We can make prepare_beacon() notice this case and not set a mgr to active if it's been marked failed (eg, by comparing the current to pending_map and seeing that it got removed).
We can do this, but as written it's bad because forcing immediate paxos commits is something we try to avoid until it's necessary (batching is good! it's very good on an iop-limited centralized system!)
we can decide that failing live mgrs is something you can't do.

Should probably discuss that with people who know more about the mgr. I'm guessing they do want the ability to fail the mgr though. So perhaps adjust this PR so that prepare_command() only proposes when handling a fail command? There's a PaxosService::force_immediate_propose() function which will do a propose after returning out of prepare_command() you can invoke, instead of invoking propose_pending() every time inside of it.

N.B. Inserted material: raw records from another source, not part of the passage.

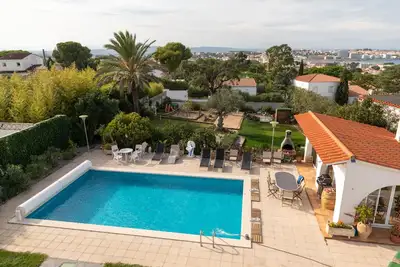 Image de Cozy house with three bedrooms large garden and pool at 800 from the sea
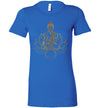 Buddha Lotus Women's Slim Fit T-Shirt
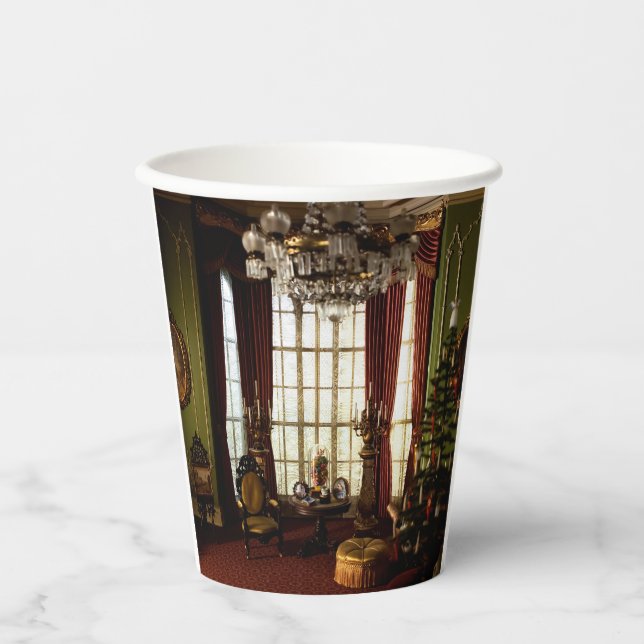 A Victorian Christmas - Paper Cups (Front)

rzarzynski · 2022-05-26T22:33:38Z

My impression was the mgr-related admin commands are supposed to be executed infrequently, usually in a reaction to an operator's request (even when it happens indirectly – via the orchestrator). The other commands we would flush the pending map for are about turning on/off manager's modules. I believe they are rarely happening too while (I don't have any proof, just gut feelings) are vulnerable to similar races as mgr fail.

When investigating possible approaches I was considering a pin-point fix around prepare_beacon(). However, the complexity there leaned me towards a really dumb solution: flush pending_map after every mgr-related command. I agree we have a trade-off here: performance vs simplicity and I hope we can favor simplicity.

A way to restart mgrs is already neeeded by cephadm / orchestrator modules. The Sage's auth rotation is another user, so I'm afraid we won't be able to squeeze out this feature :-(.

gregsfortytwo · 2022-05-26T22:51:18Z

I just don't want to force commits by default on commands. It may not cause a problem immediately, but defaulting to a forced paxos commit is a bad smell in monitor code and can lead to hard-to-detect scaling issues if we expand these commands in the future. New mgr commands are most likely to be involved with upgrades or recovery situations where we're likely already loading the monitors down and needing to invoke the commands frequently!

rzarzynski · 2022-05-27T08:56:22Z

Ah, I see: future-proofness. You're worried it would be too easy to miss this flush when adding a new, possibly not so innocent and infrequent command. Makes sense. I will limit the flush to mgr fail and push a new revision. Thanks for pointing this out!

rzarzynski · 2022-06-07T11:32:16Z

@gregsfortytwo: would you mind taking another look?

gregsfortytwo

Good enough for now. In the other monitor implementations we have a "should_propose" boolean that gets set in each prefix when appropriate, but that's a simple and obvious enough change if it comes up in future.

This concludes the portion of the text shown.